L’entrée du musée ethnographique au palais du Trocadéro, en 1882. Gravure extraite du Monde illustré, 6 mai 1882. Source : Gallica.
Sommaire

De la différence raciale à la diversité culturelle

Le MET doit sa naissance à deux manifestations conjointes : le Muséum ethnographique des missions scientifiques (1877) – dans lequel étaient exposées les collections rapportées essentiellement du Mexique et du Pérou dans le cadre de missions archéologiques et ethnographiques financées par le ministère de l’Instruction publique – et l’exposition universelle de 1878, installée au palais du Trocadéro. La singularité de ce musée, ouvert en 1882, réside dans la réunion en un même lieu et dans un même cadre conceptuel d’objets extra-européens et d’objets issus de sociétés européennes traditionnelles, y compris la société française. Pour Ernest-Théodore Hamy, premier directeur du musée, l’ethnographie englobait « l’étude de toutes les manifestations matérielles de l’activité humaine ». L’étendue considérable du champ ethnographique à la fois du point de vue spatial et du point de vue temporel s’accordait avec le cadre théorique de l’évolutionnisme anthropologique, centré sur l’explication de l’origine et de l’évolution des cultures et des sociétés à l’aide de la méthode comparative.
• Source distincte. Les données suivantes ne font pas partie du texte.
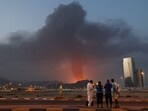Dubai Abu Dhabi news highlights: Foreign workers look at a tall plume of black smoke ascends following an explosion in the Fujairah industrial zone on March 3, 2026.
Les productions matérielles, notamment les objets, étaient perçues comme les indices d’un stade d’évolution et les témoignages de modes de vie qu’on supposait en voie de disparition. Les différences culturelles entre peuples et au sein de l’humanité étaient expliquées par la notion de race (renvoyant à cette époque aux caractères physiques, notamment anatomiques, considérés comme permanents et aux aptitudes intellectuelles incarnées dans la culture) ; la présentation conjointe de types ethniques et d’objets démontrait l’interdépendance entre races et cultures. Par l’ordonnancement des collections selon un double classement (ordre géographique suivi par la nature et l’usage des objets), par la mise en ordre des objets en séries formant des suites intelligibles et par le dispositif muséographique (mêlant vitrines, panoplies et mannequins), le MET rendait visibles le progrès de l’humanité et la marche vers la civilisation occidentale.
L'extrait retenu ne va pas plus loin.